Nota de Tano
Gaetano Pandolfo gpandolfo@larepublica.net | Jueves 29 abril, 2010

Dicen los que más saben que después del Mundial de Fútbol, la competencia futbolera de mayor relevancia es la famosa Champions.
Llevan razón; el fútbol en el ciclo olímpico no es apasionante; la Copa Libertadores no acapara ni la mitad del interés que despierta este torneo y tampoco el devaluado Mundial de Clubes, al que asisten, por razones meramente geográficas, unos equipos queques, meros postres de los tradicionales.

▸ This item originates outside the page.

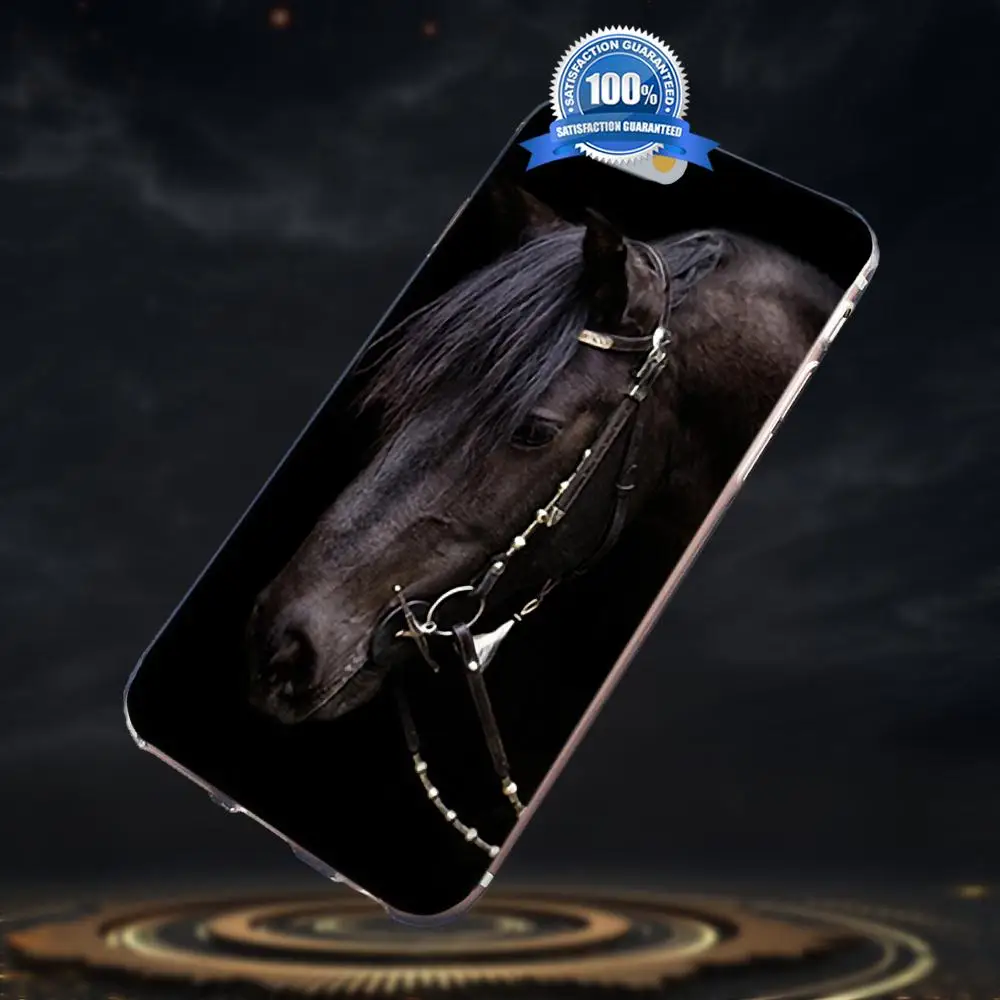 as picture Для Сяо mi красный mi 5 4A 3 3 S Pro mi 4 mi 4i mi 4C mi 5 mi 5S mi Max Mix Примечание 2 3 4 плюс мягкая TPU Чехлы работает черный Четверть Лошади - Цвет: as picture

Cuando está en juego el pasaporte a una final de Champions, todo vale —lo moral, lo honesto, lo correcto—, desde luego. Todo lo que permite el reglamento, que para eso hay un árbitro.

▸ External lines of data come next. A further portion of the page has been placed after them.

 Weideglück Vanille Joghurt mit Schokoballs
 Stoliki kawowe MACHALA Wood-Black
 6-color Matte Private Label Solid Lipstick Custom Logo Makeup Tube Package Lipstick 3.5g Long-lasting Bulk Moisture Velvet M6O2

Y desde luego, que el Inter no iba a dejar escapar el botín que pescó en Milán, cuando derrotó al mejor equipo del planeta, el Barcelona, con un marcador inusual: 3-1.

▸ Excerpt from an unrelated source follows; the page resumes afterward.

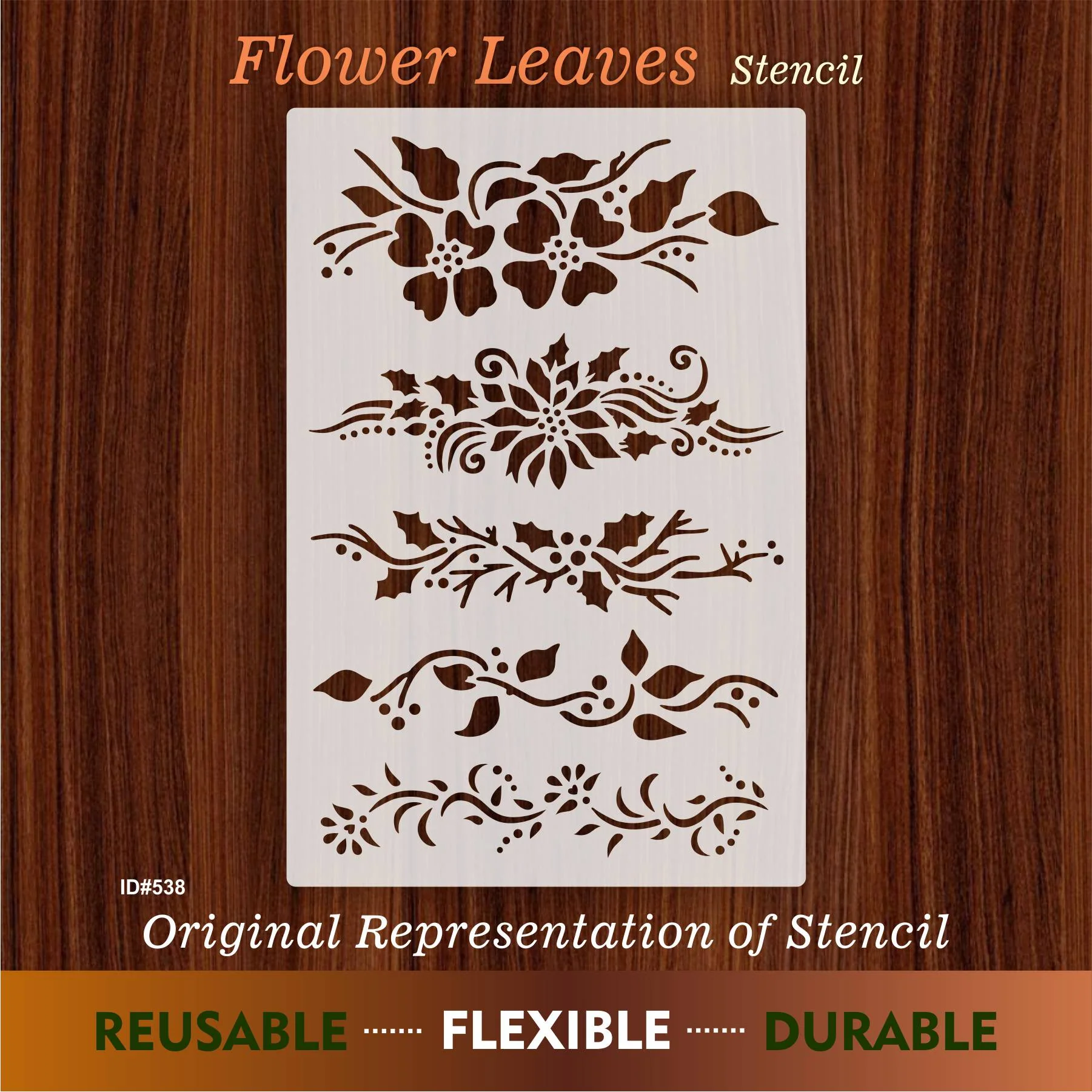 Flower Leaves Stencil Wall Painting Scrapbook Coloring Embossing Album Decorative Template. ID #538 - Image 7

Desaprovechar esa ventaja en el Camp Nou, presentando un juego abierto y tras los recientes antecedentes, donde los discípulos de Pep Guardiola bailaron y arrasaron rivales con una contundencia ofensiva inapelable, era suicidarse.
José Mourinho no iba a meterse un balazo.
De nuevo se presentó el clásico de dos de las escuelas del fútbol que mayores títulos y honores han acaparado: la brasileña, representada por el Barcelona, con cinco títulos mundiales y la italiana, curiosamente representada por su campeón nacional, que no cuenta con futbolistas italianos como titulares y con cuatro copas del mundo en sus vitrinas.
Aquí, el universo se parte en dos, pero no en dos mitades, sino en dos sentimientos: un 70% o más de admiradores del vistoso balompié brasileño, metido en las piernas de los talentosos jugadores barcelonistas, que juegan a atacar, a ganar, a meter goles, a dar espectáculo, frente a una minoría de seguidores del fútbol calculador de los italianos, resultadista, efectivo, letal en el contraataque, que a ellos, igual los ha llenado de gloria y dividendos.
Ayer, ganó Italia (sin italianos) y perdió Brasil (los catalanes). El planteamiento táctico de Mourinho, que rayó en la perfección, sobre todo después de que se quedó con un hombre menos, limitó a los malabaristas del Barcelona a tres situaciones de apremio: un gol fuera de juego (como el de Milito en la ida); el remate espectacular de Messi, desviado magistralmente por Julio César y el gol que botó Bojan. Demasiado poco para aspirar a la final.